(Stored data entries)
■ ■ ■ ■ ■

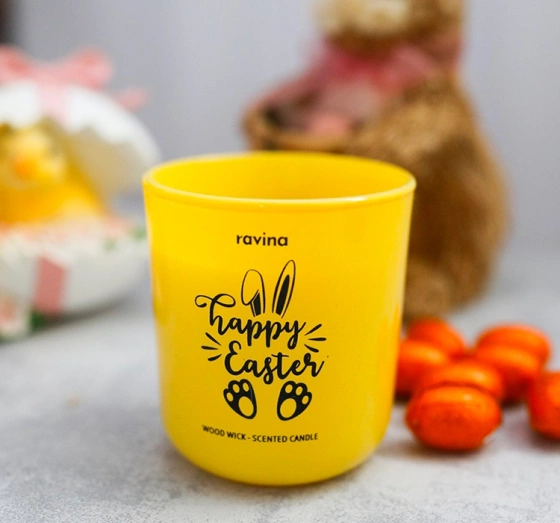 Ravina Happy Easter sojowa świeca zapachowa Tulipan 175g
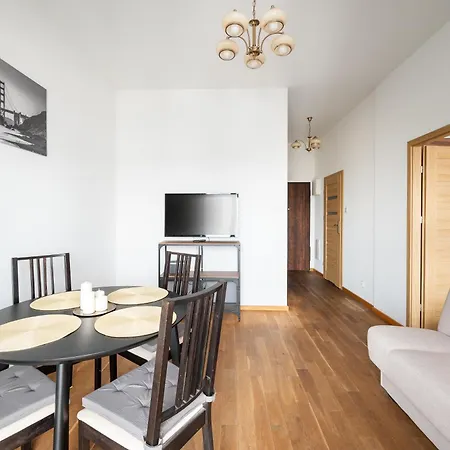 Lejlighed 11th Floor Praga View By Bookinghost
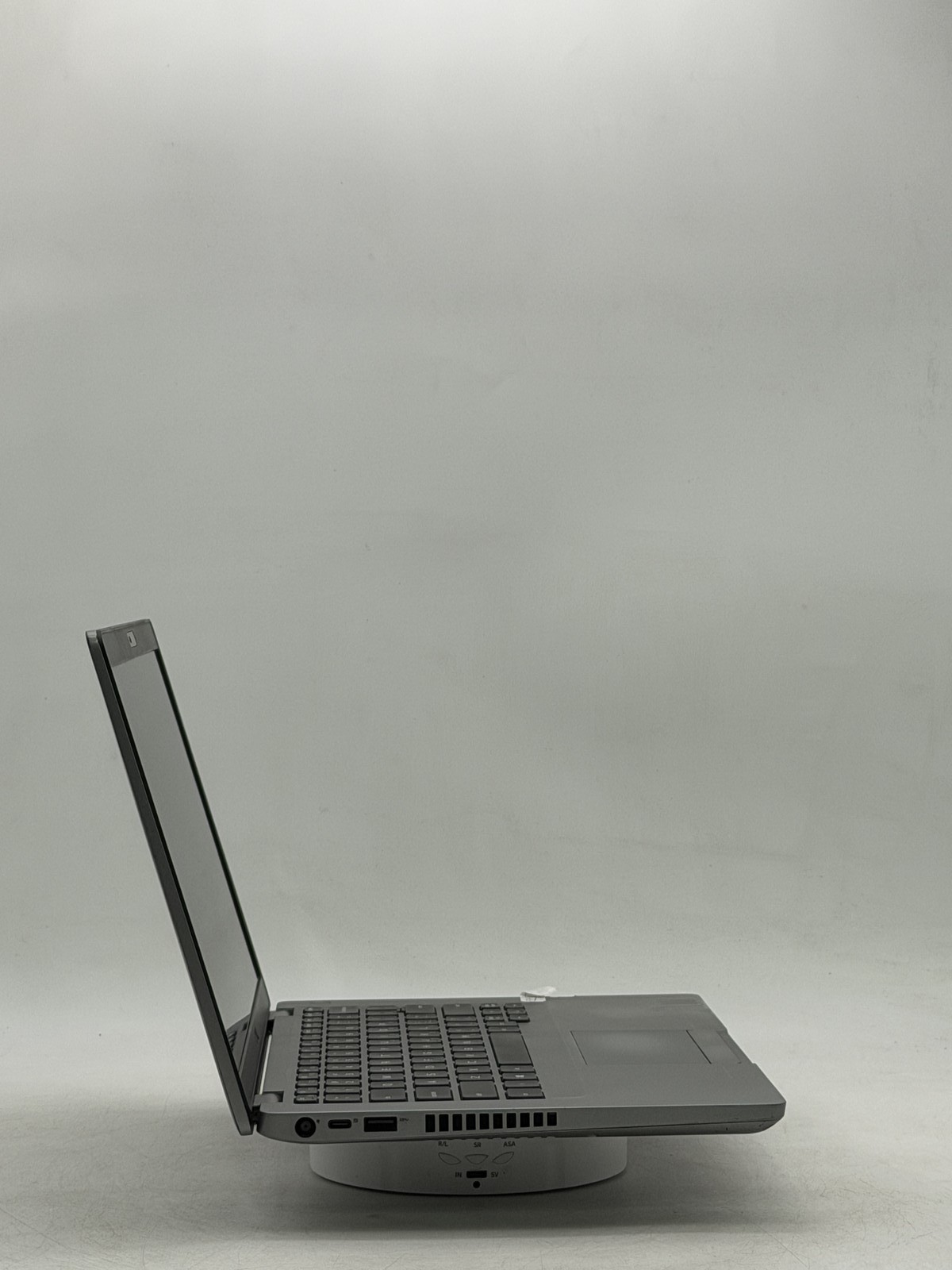Dell Latitude (5410) 14inch i5-10210U 8GB 512GB NO OS |Please Read|
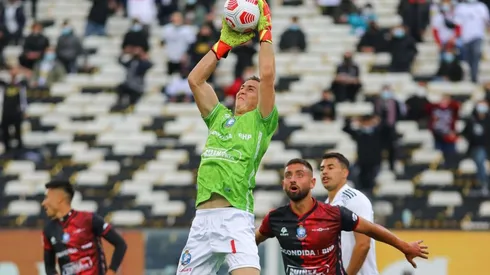 Nacho González jugando contra Colo Colo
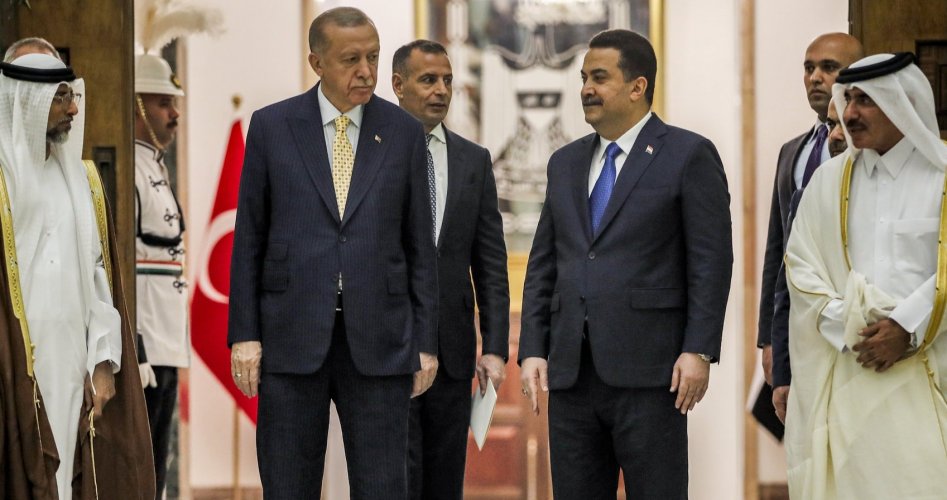 أردوغان والسوداني قبل توقيع مذكرة التفاهم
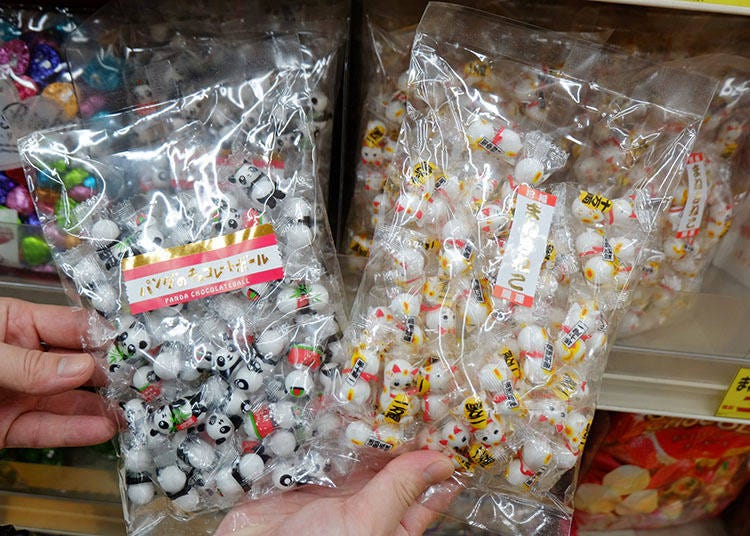 熊貓巧克力糖果(パンダチョコレートボール 170g / 招財貓巧克力糖果球(まねきねこチョコレートボール) 180g 參考售價 467日圓(未含稅)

■ ■ ■ ■ ■

#### Problem description:
A faithful copy of the data is required: each word kept, each picture omitted.

#### Answer section:
 Ravina Happy Easter sojowa świeca zapachowa Tulipan 175g
 Lejlighed 11th Floor Praga View By Bookinghost
Dell Latitude (5410) 14inch i5-10210U 8GB 512GB NO OS |Please Read|
 Nacho González jugando contra Colo Colo
 أردوغان والسوداني قبل توقيع مذكرة التفاهم
 熊貓巧克力糖果(パンダチョコレートボール 170g / 招財貓巧克力糖果球(まねきねこチョコレートボール) 180g 參考售價 467日圓(未含稅)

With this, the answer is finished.